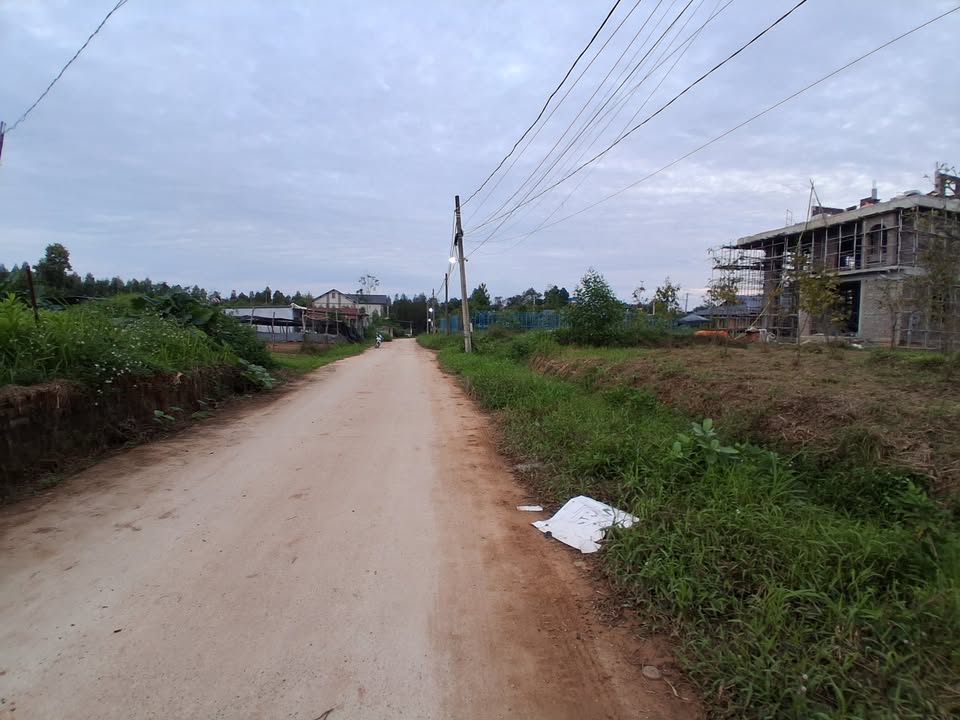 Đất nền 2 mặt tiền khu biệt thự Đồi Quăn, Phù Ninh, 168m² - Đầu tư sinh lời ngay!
==
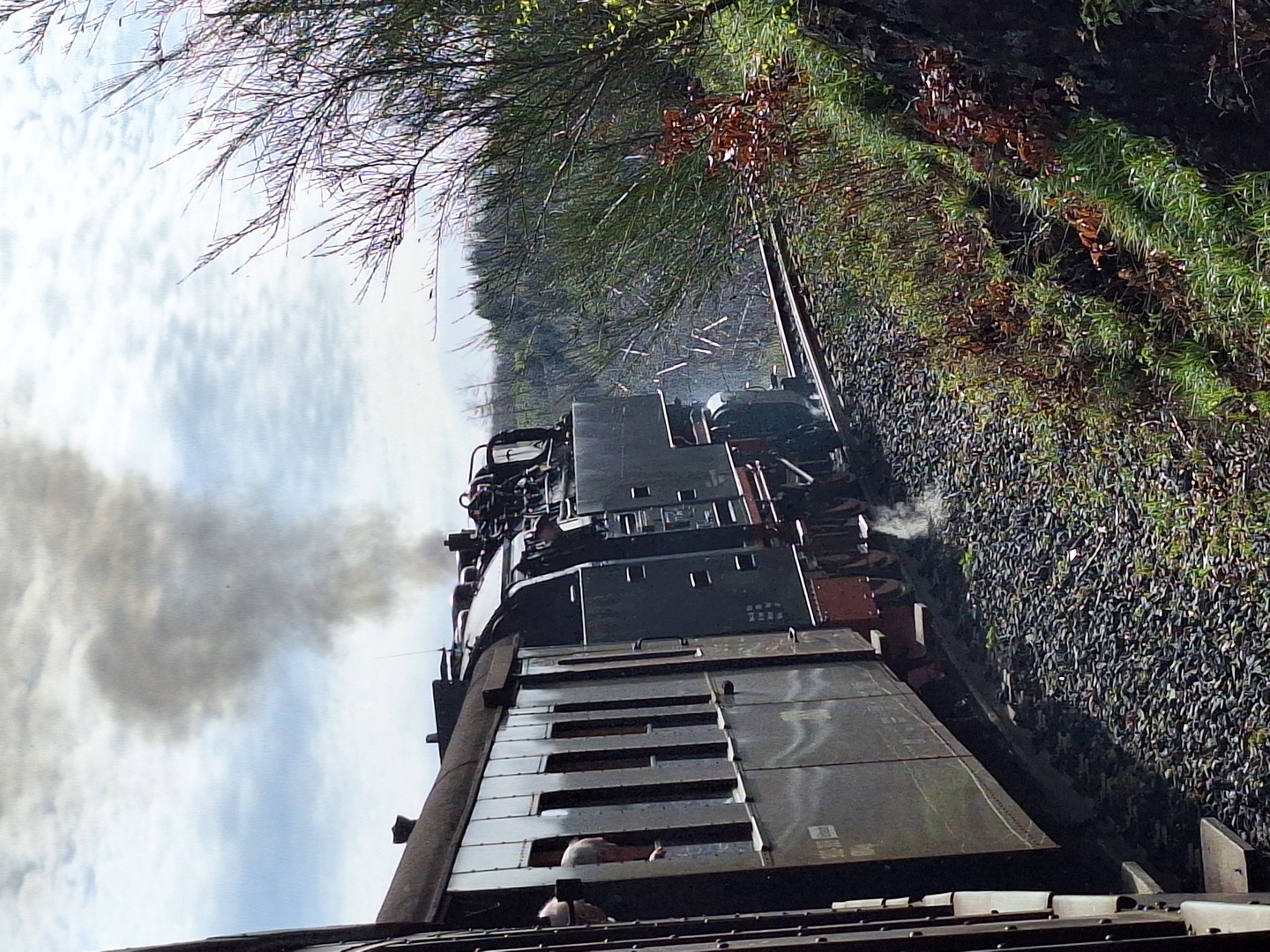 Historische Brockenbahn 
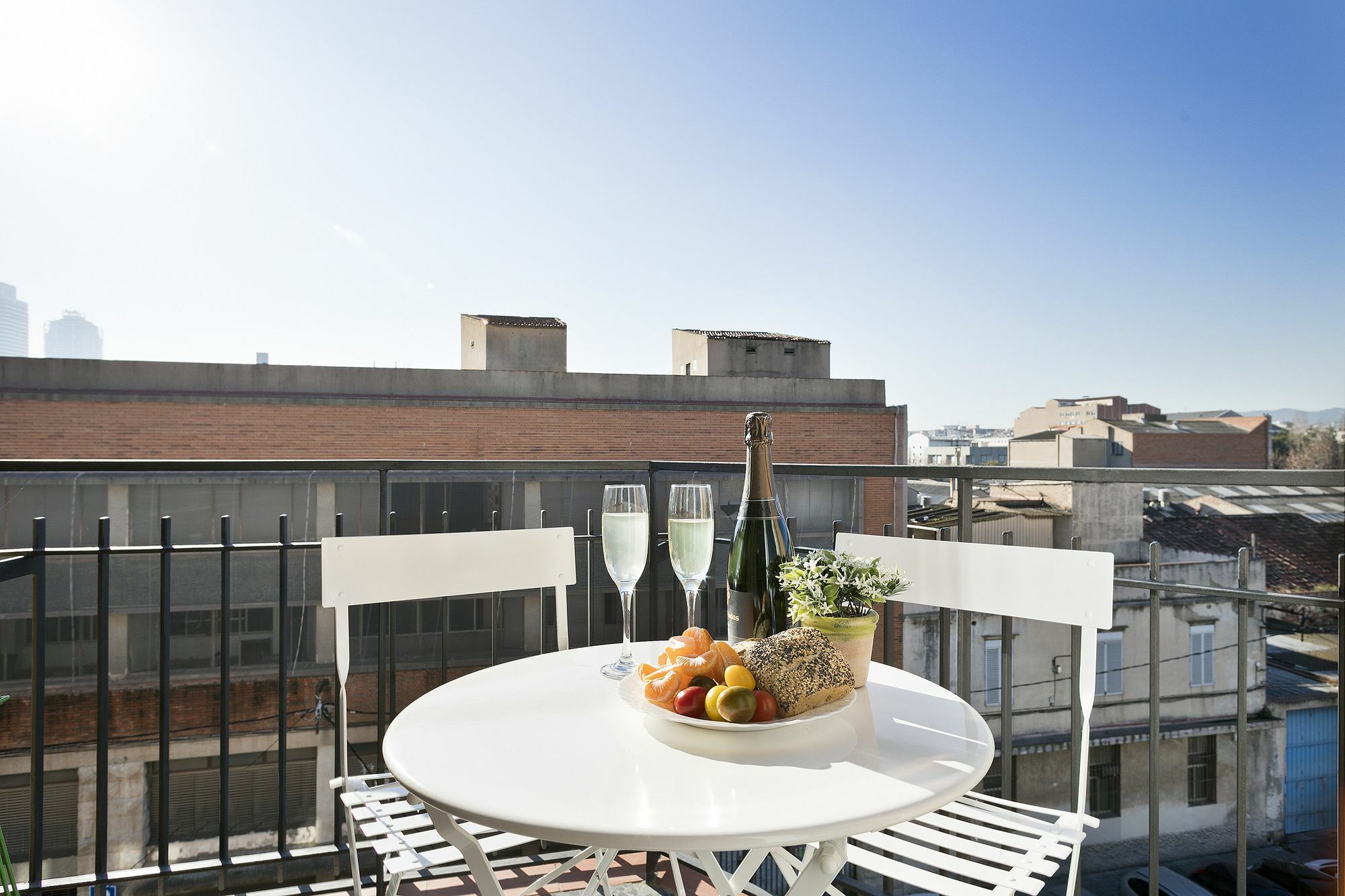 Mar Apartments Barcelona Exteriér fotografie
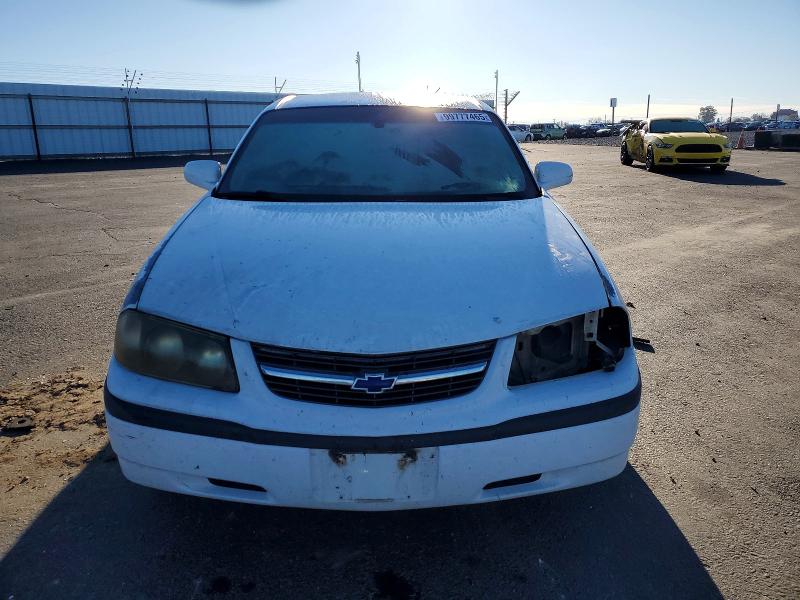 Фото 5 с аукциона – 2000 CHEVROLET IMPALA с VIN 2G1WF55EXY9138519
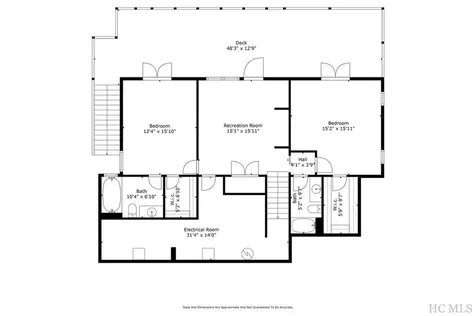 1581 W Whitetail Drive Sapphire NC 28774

• Exercise brief:
In the listing above, find the line with "Historische Brockenbahn" and output it and every line after it up to and including the line with "1581 W Whitetail Drive Sapphire NC 28774", exactly, minus the pictures.

• Your response:
 Historische Brockenbahn 
 Mar Apartments Barcelona Exteriér fotografie
 Фото 5 с аукциона – 2000 CHEVROLET IMPALA с VIN 2G1WF55EXY9138519
 1581 W Whitetail Drive Sapphire NC 28774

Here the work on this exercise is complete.